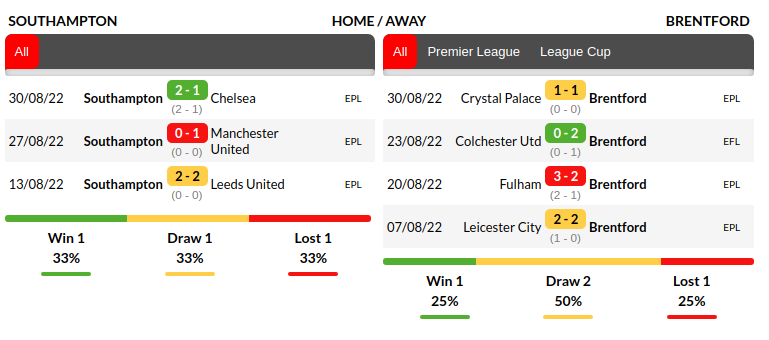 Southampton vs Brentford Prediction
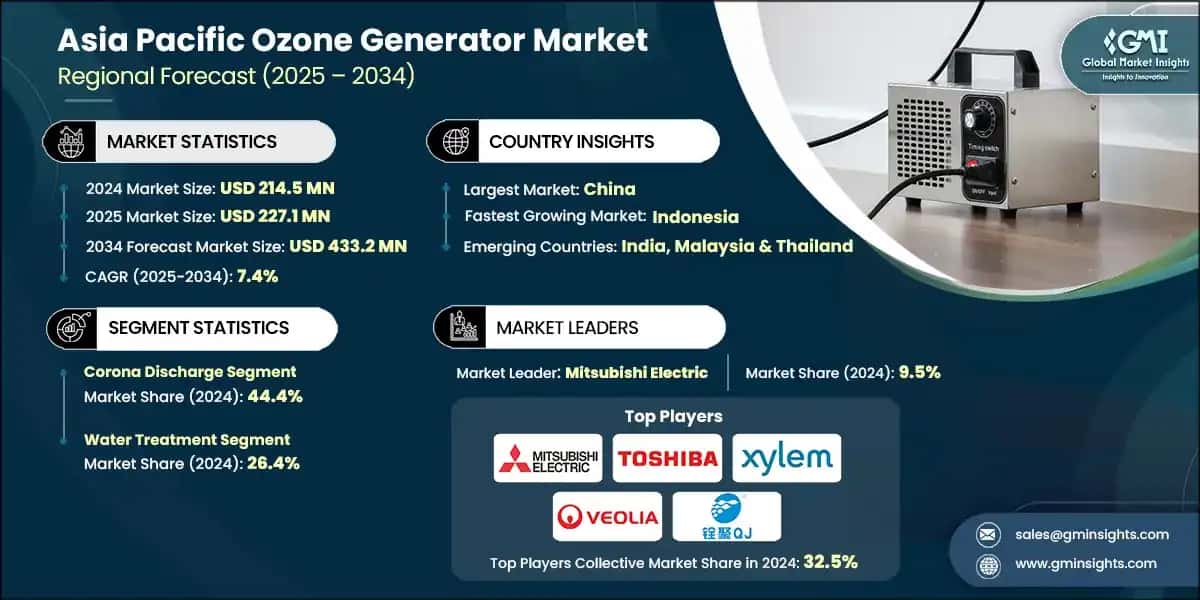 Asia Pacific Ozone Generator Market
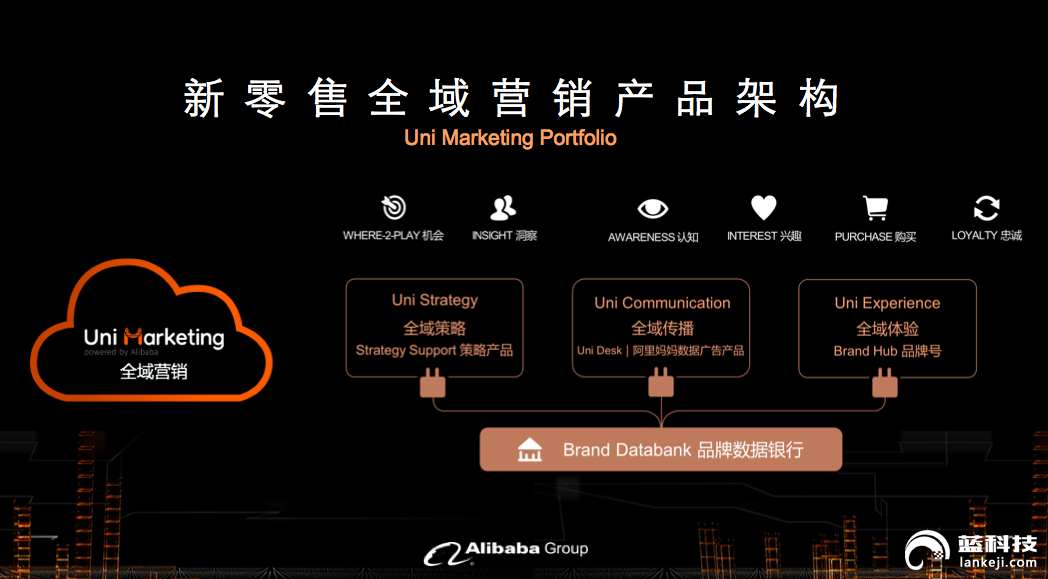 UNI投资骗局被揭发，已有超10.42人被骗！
==
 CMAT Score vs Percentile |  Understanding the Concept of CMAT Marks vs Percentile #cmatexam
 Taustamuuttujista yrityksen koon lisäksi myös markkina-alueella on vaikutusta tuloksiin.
==
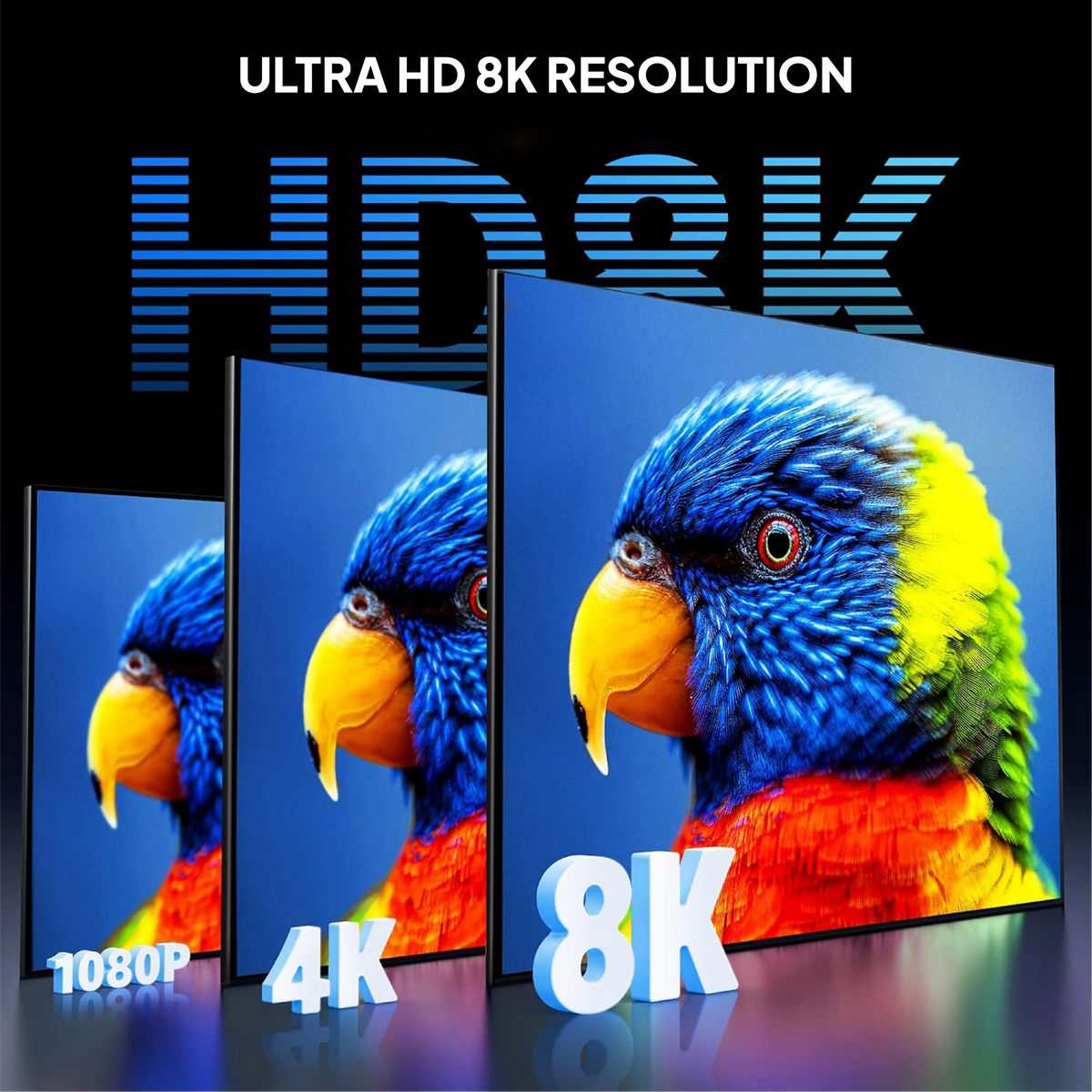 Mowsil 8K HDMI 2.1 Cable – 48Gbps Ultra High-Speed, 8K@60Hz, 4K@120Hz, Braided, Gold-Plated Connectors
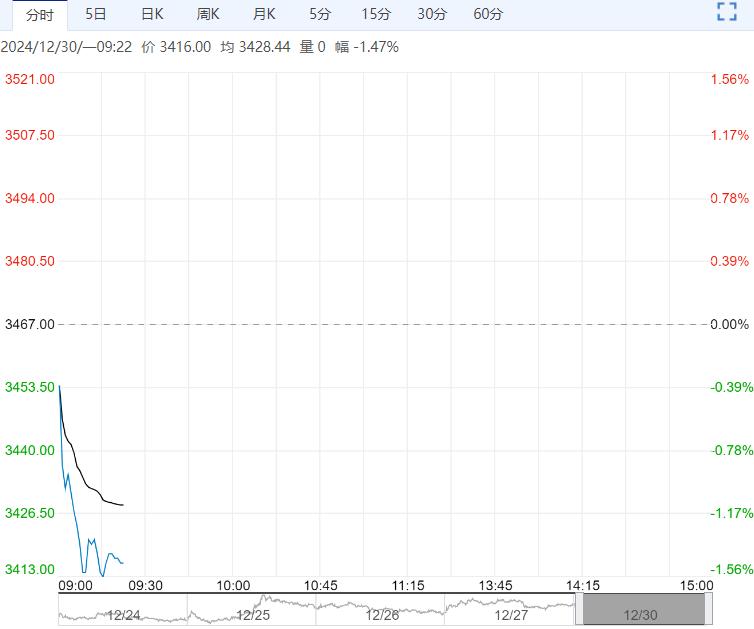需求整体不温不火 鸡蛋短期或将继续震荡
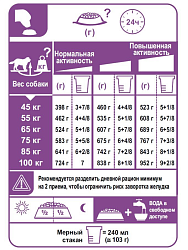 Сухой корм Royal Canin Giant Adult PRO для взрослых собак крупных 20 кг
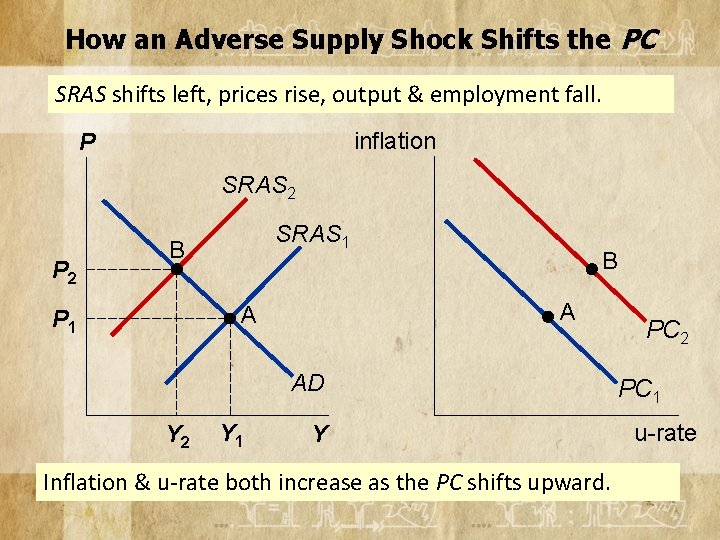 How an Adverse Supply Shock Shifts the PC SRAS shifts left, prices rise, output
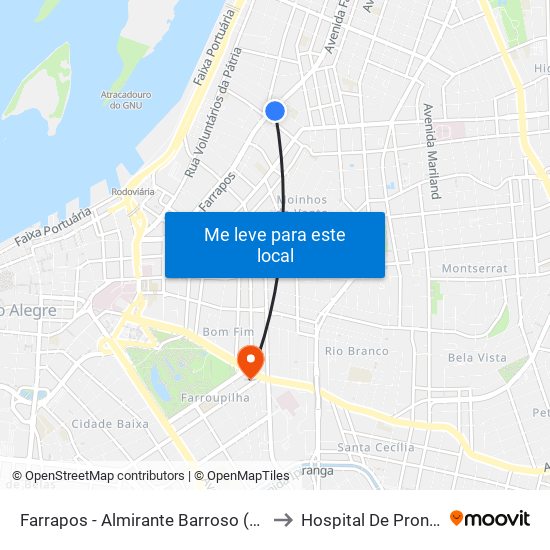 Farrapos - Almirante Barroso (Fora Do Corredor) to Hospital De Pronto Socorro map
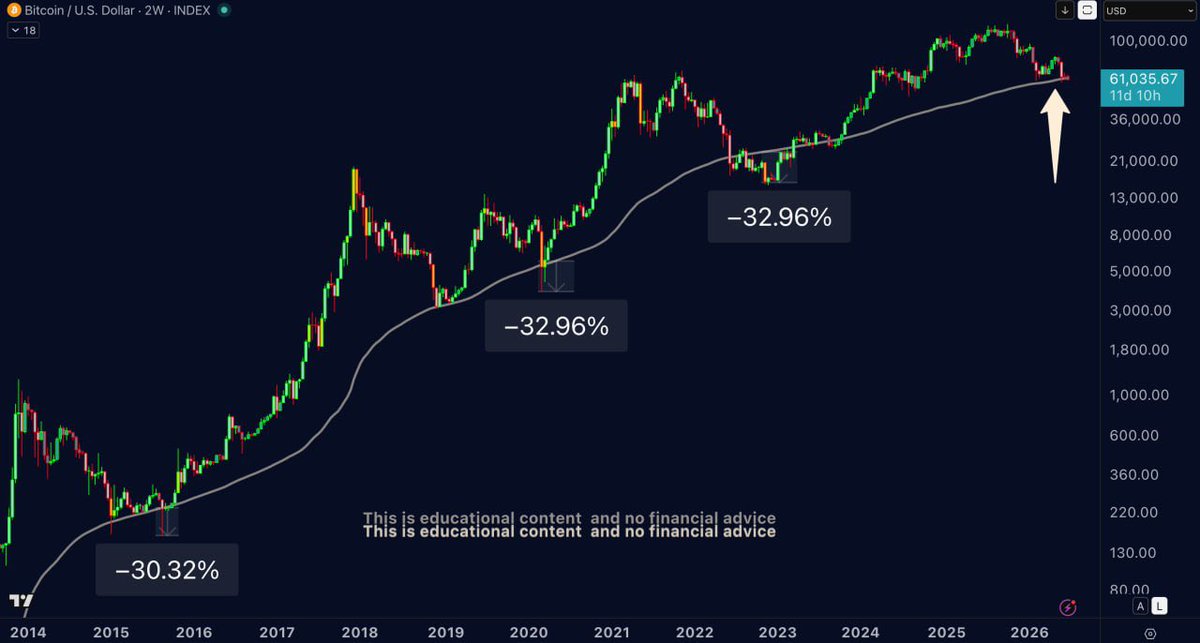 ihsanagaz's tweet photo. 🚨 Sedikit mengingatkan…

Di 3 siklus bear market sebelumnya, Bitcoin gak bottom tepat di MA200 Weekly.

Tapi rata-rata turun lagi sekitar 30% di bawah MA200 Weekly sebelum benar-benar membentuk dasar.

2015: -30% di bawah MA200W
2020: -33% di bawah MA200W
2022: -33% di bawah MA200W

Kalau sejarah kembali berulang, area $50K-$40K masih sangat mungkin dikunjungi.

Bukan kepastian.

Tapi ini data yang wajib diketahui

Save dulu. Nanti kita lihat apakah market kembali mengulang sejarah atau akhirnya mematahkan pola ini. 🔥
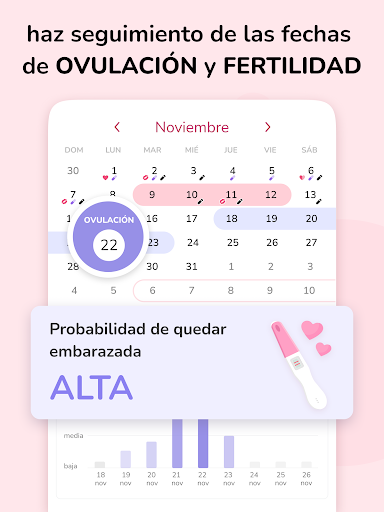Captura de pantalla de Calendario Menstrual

Instructions for the task | Within the material above, only the stretch from the line holding "Farrapos - Almirante" through the line holding "Tapi rata-rata turun" is to be restated exactly. Pictures are dropped.

Reply |
 Farrapos - Almirante Barroso (Fora Do Corredor) to Hospital De Pronto Socorro map
 ihsanagaz's tweet photo. 🚨 Sedikit mengingatkan…

Di 3 siklus bear market sebelumnya, Bitcoin gak bottom tepat di MA200 Weekly.

Tapi rata-rata turun lagi sekitar 30% di bawah MA200 Weekly sebelum benar-benar membentuk dasar.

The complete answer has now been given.